The next five calls were from Mike Chapman, all made shortly before he reached me on the beach this afternoon. Unlike Mercer, there was no subtlety to Mike’s approach.
“Rise and shine, blondie. Get your ass out of bed. Where the hell are you two, anyway? This is 911, Coop. Urgent. Mercer needs you.”
He waited about fifteen minutes before dialing again. “Ignore me all you want, kid. I’m down with that. Just call Mercer pronto.”
As fast as I hit the erase function, the next message loaded. “Pat McKinney knows as much about how to deal with a rape victim as Al Sharpton would. Don’t blow this one on me.”
Someone must have cautioned Mike to back off me for an hour. Then another call. “This will rattle you, Coop. McKinney showed up at the office with his lover. He’s making this case a team project—benching you and sticking Ellen Gunsher in as a DH.”
Pat McKinney was involved in an affair with an assistant who’d been nicknamed “Gun-Shy” for her reluctance to take cases to trial. She was the daughter of a television journalist who’d been the kind of celebrity Battaglia liked to court until her career imploded because of a series of on-air temper tantrums. Gunsher had failed in a number of other positions, but the chief of the Trial Division had left home for her last year and sought to inject her in every possible new position in hopes of a fit.
“I’m warning you, Coop, you can’t taunt an alligator till you cross the creek, you know that?” In Chapman’s fifth call, he was imitating Ellen Gunsher’s Texas drawl, using the tired aphorisms with which the clueless prosecutor regularly peppered her conversations. Mike knew they would get under my skin, as they always did. “McKinney gets a hold of Baby Mo, and that half-breed Frenchman will think a West Texas rattlesnake has its teeth in his dick.”
I smiled instinctively but realized at the same moment that one of McKinney’s goals was to elbow out the talented members of the Sex Crimes Unit by taking advantage of my absence. That would give him complete control of the case.
I heard Vickee Eaton’s voice next. She was Mercer’s wife—also a detective—and one of my closest friends. She worked at DCPI, in the office of the Deputy Commissioner of Public Information, with access to inside scoops since she would be providing the minute-by-minute updates to Commissioner Keith Scully. She was not-so-subtly leaning on me to help her husband, and that meant more to me than just about anything.

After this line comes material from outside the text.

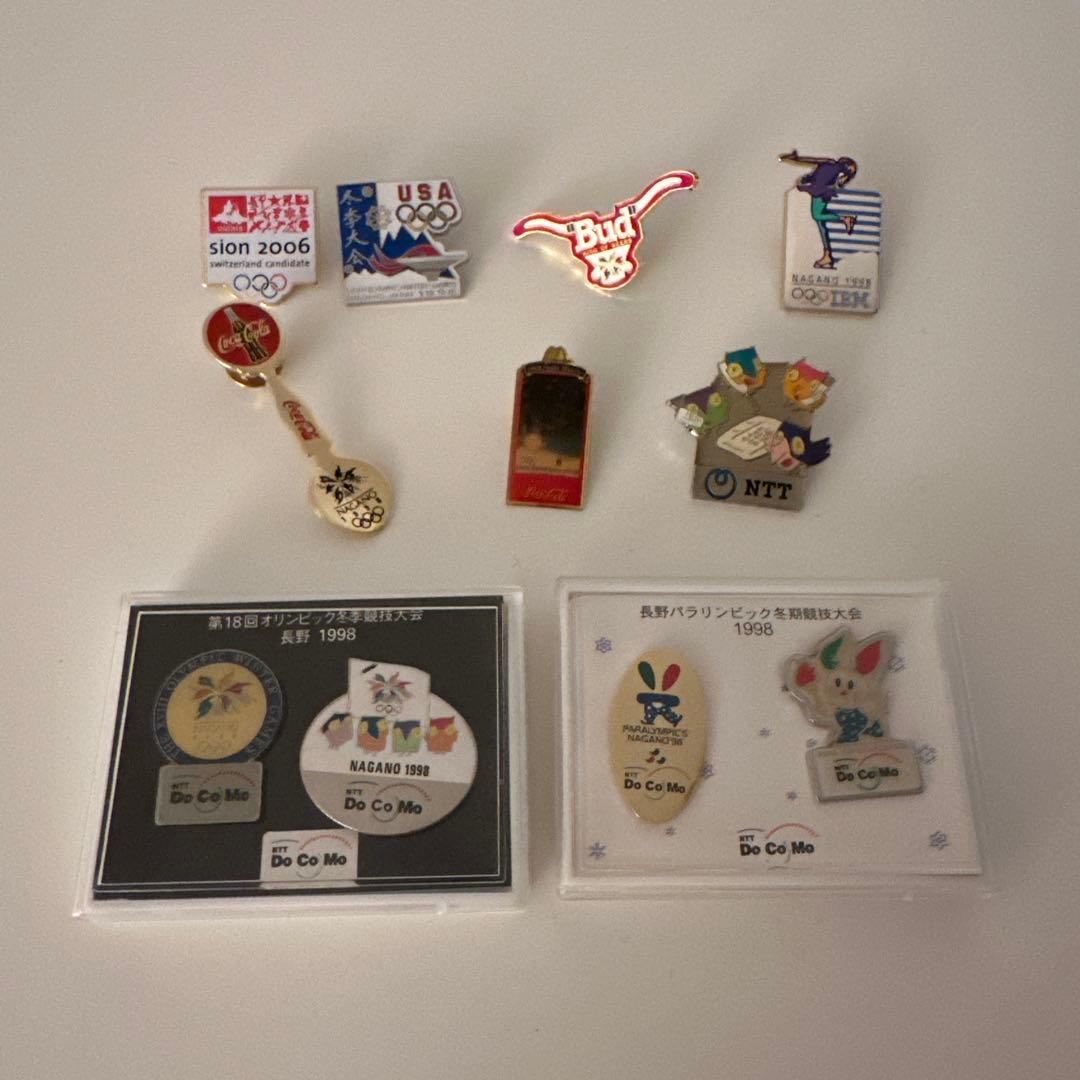 【希少】1998年 長野オリンピック ピンバッジ 11点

Now there were friendly calls from the women and men who worked with me in the unit. Catherine Dashfer, Ryan Blackmer, Marisa Bourges, and Nan Toth, each giving me the heads-up that a big case was on the table. Like the district attorney, I had developed an aversion to being the last to know when something happened in my professional orbit, and my good friends always covered my back. These were interspersed with a robocall from a political candidate, the new dry cleaner in the neighborhood surfing for business, an invitation to the resort season trunk show at Escada, and my local bookseller reminding me that the novels I had ordered were in stock.
I deleted them all and held the phone to my ear again. More of the same. Nothing I couldn’t ride out from this side of the ocean.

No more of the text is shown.